- WORK TO BE COMPLETED:
An exact copy is needed of the lines in the entries below from the line with "Chanel - Round" up to and including the line with "Topdeal Toile Supérieure", and of nothing else. Leave the pictures out.

- SOURCE RECORDS:
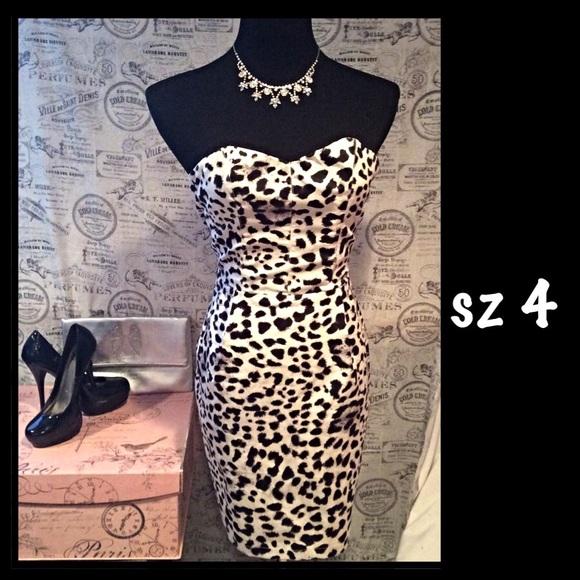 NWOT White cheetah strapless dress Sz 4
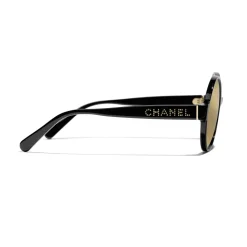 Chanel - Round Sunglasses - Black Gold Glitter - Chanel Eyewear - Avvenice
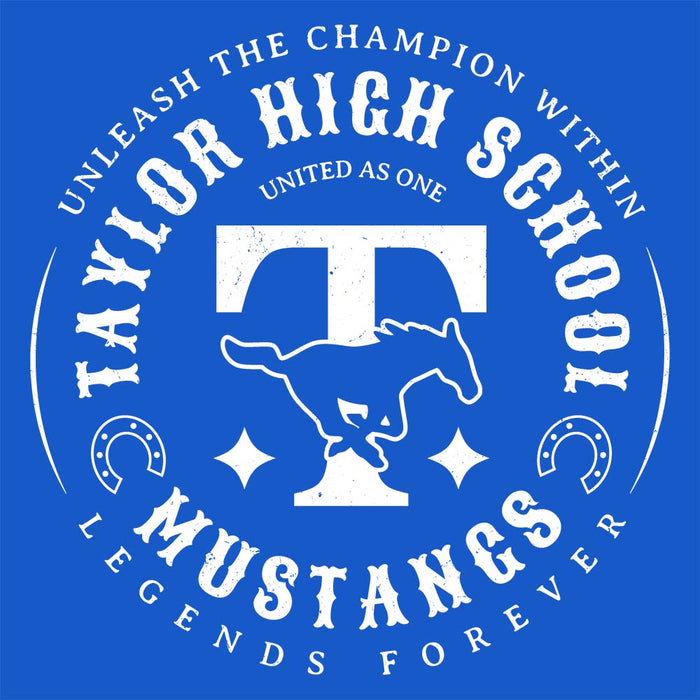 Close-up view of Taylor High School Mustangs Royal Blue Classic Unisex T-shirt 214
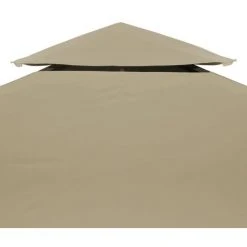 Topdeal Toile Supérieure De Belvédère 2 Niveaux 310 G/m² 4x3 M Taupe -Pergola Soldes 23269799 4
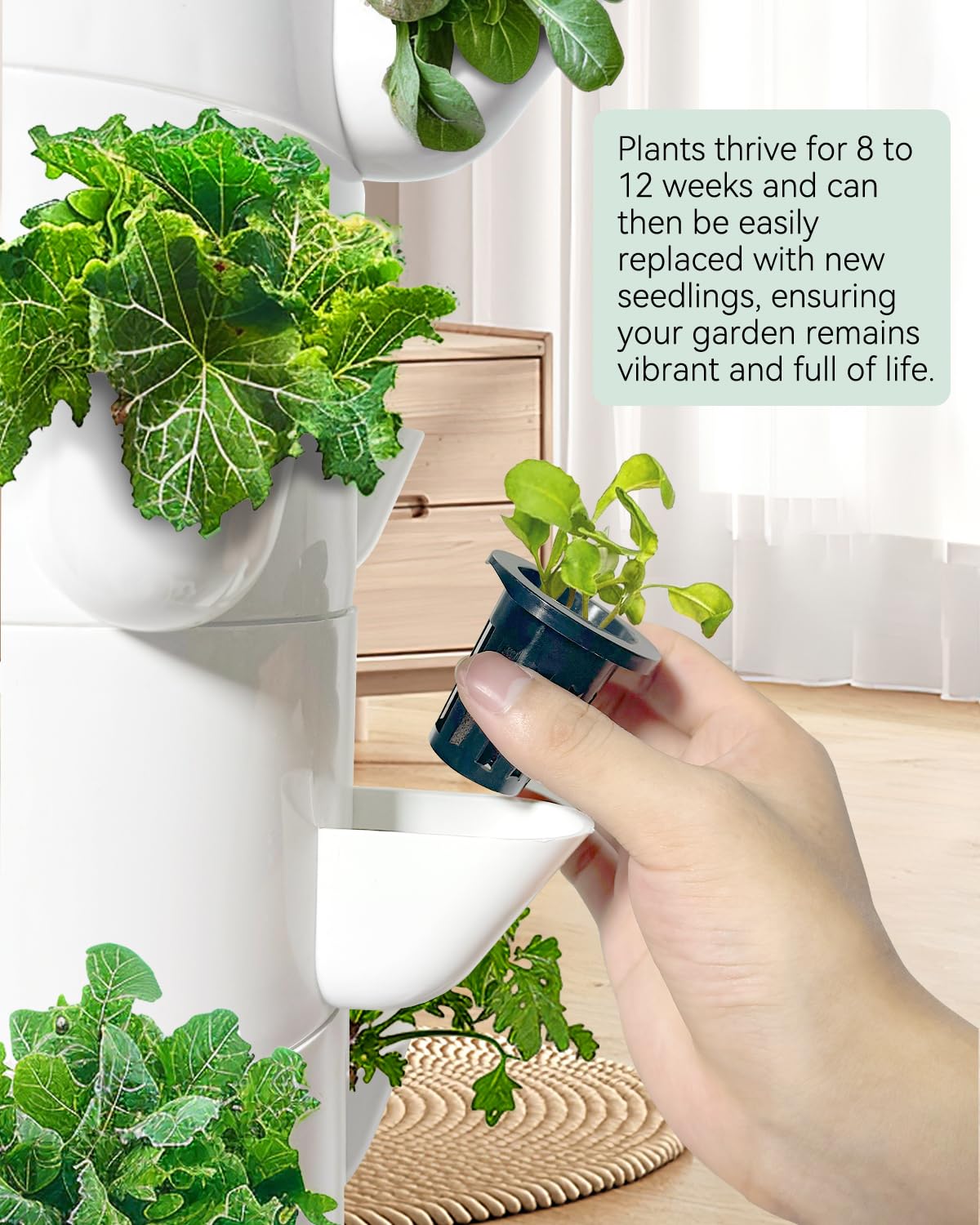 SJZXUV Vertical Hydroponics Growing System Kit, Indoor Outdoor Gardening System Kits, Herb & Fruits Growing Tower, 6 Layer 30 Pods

- SOLUTION TO THE EXERCISE:
 Chanel - Round Sunglasses - Black Gold Glitter - Chanel Eyewear - Avvenice
 Close-up view of Taylor High School Mustangs Royal Blue Classic Unisex T-shirt 214
 Topdeal Toile Supérieure De Belvédère 2 Niveaux 310 G/m² 4x3 M Taupe -Pergola Soldes 23269799 4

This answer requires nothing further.